═════ Available data

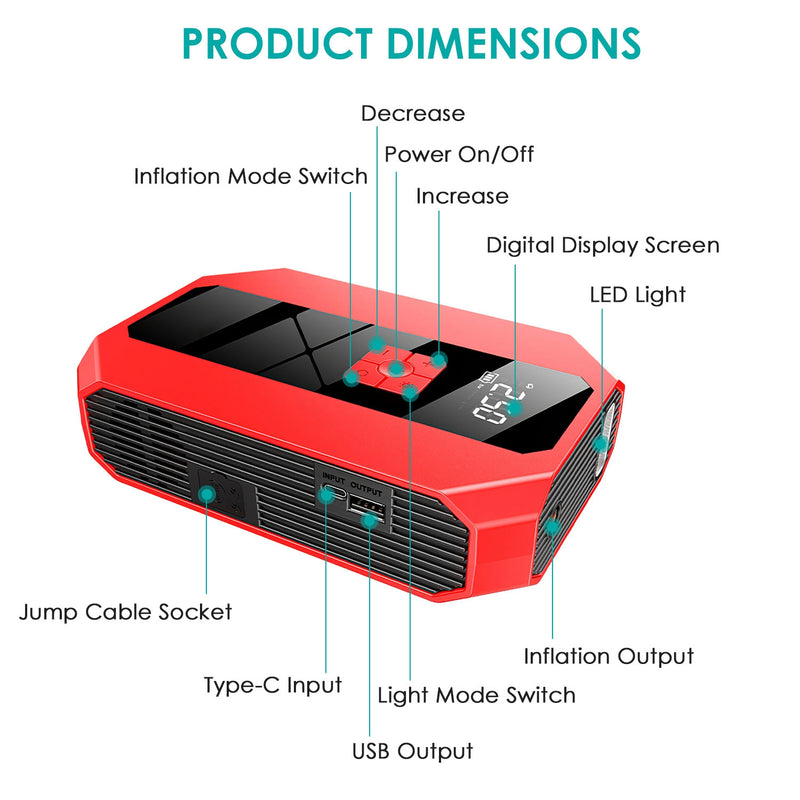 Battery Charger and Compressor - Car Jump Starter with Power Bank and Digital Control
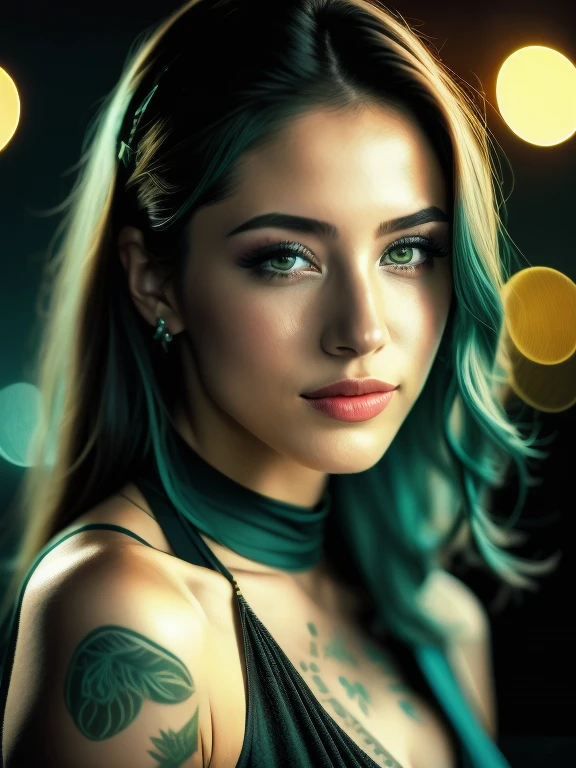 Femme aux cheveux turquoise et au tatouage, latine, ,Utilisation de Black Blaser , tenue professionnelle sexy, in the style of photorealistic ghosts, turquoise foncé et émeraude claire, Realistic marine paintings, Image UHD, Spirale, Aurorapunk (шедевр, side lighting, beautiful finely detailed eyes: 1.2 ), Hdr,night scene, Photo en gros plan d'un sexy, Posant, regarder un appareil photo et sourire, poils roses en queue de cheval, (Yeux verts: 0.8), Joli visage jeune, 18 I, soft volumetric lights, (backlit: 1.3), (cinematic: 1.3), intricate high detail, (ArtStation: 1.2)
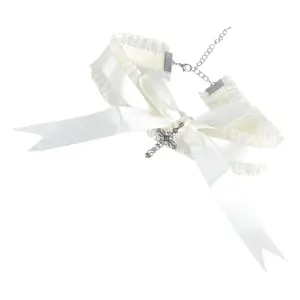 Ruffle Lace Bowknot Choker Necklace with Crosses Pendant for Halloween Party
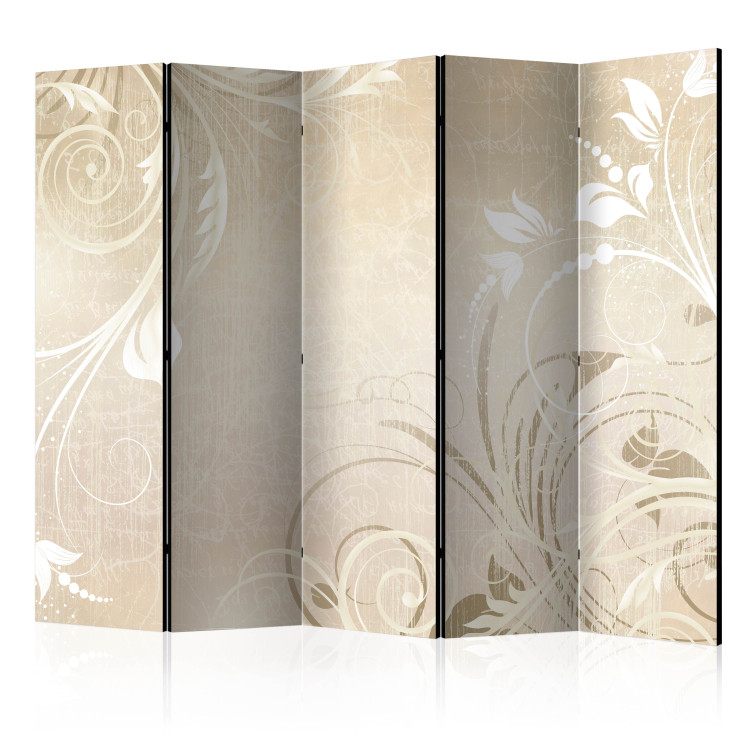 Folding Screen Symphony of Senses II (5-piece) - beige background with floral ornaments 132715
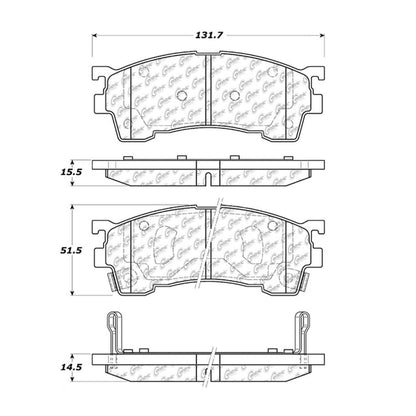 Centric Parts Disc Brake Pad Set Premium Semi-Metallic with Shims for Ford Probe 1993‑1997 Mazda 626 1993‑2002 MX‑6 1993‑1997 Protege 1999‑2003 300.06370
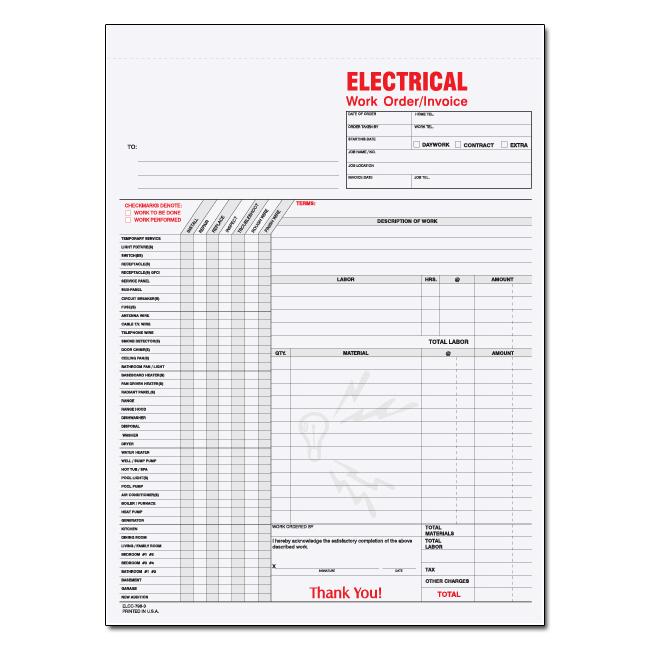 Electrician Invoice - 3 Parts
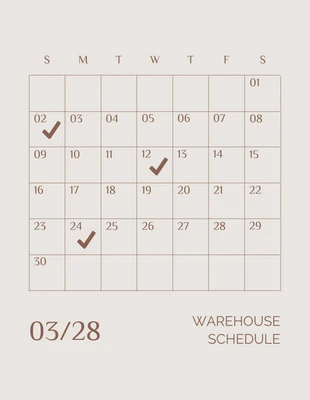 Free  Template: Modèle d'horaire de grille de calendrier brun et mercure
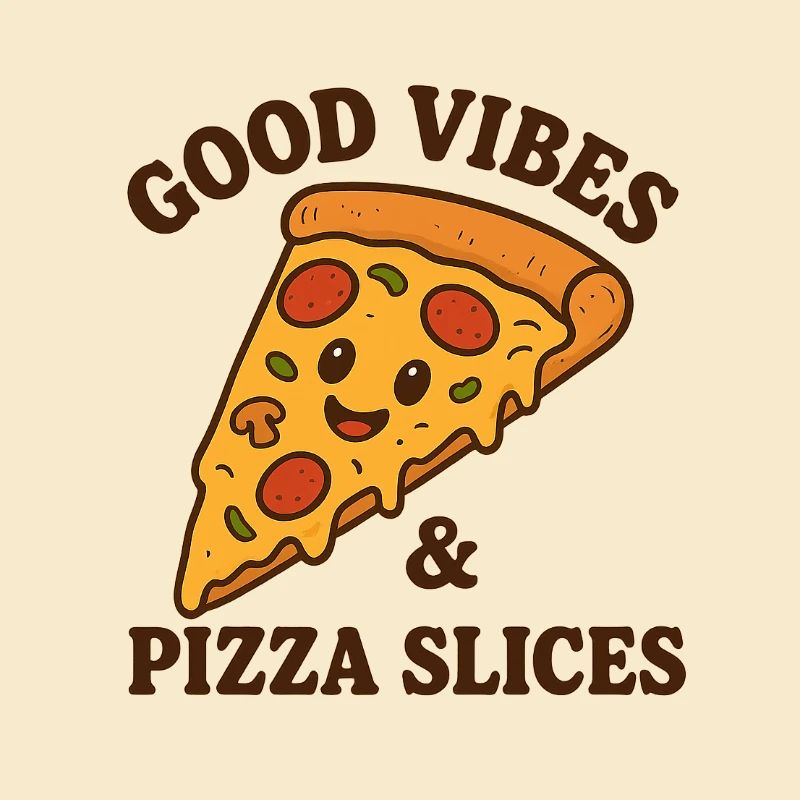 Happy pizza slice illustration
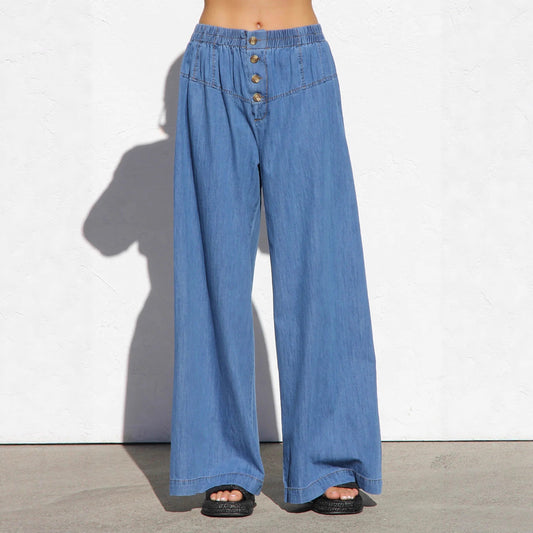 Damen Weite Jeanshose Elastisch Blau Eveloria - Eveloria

══════════
═════ Available data

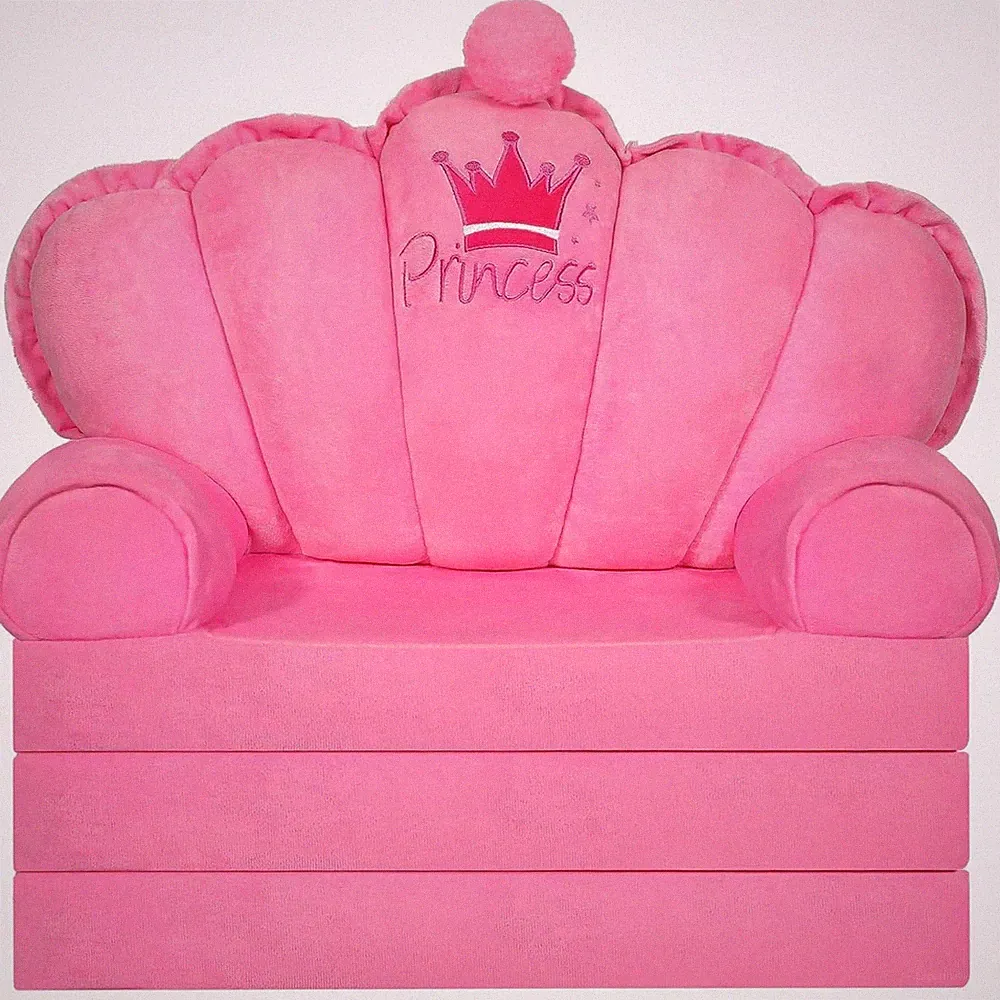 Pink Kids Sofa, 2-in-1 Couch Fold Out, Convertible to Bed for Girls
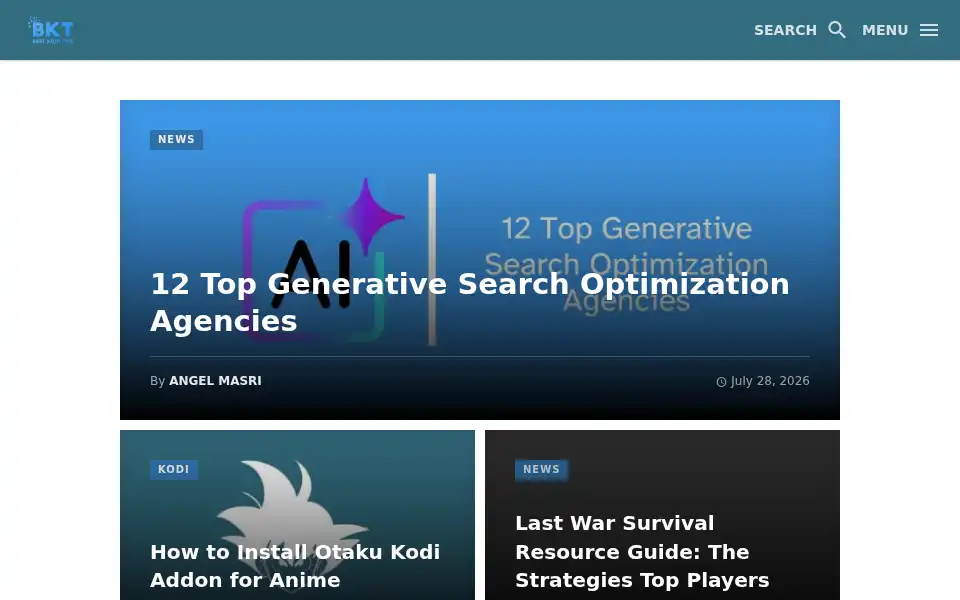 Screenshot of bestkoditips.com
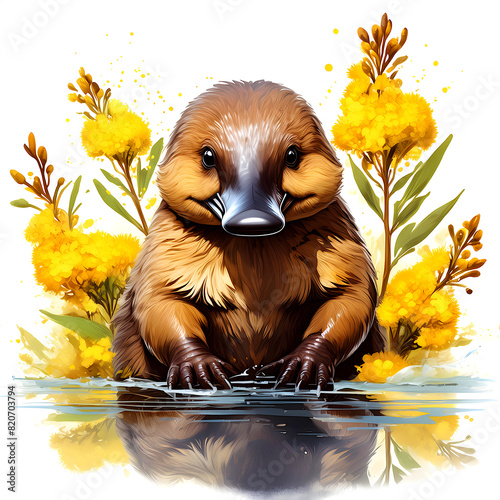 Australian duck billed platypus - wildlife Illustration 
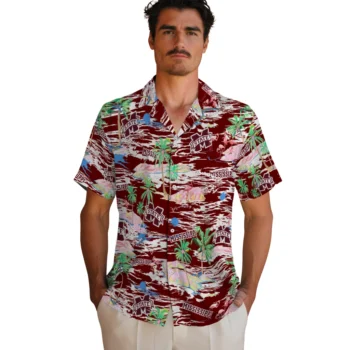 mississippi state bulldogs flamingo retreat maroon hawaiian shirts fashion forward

══════════

**Task item**
Exact copy, pictures excluded: from the line with "Electrician Invoice - 3 Parts" up to and including the line with "Damen Weite Jeanshose" in the data above.

**Expected answer**
 Electrician Invoice - 3 Parts
 Free  Template: Modèle d'horaire de grille de calendrier brun et mercure
 Happy pizza slice illustration
 Damen Weite Jeanshose Elastisch Blau Eveloria - Eveloria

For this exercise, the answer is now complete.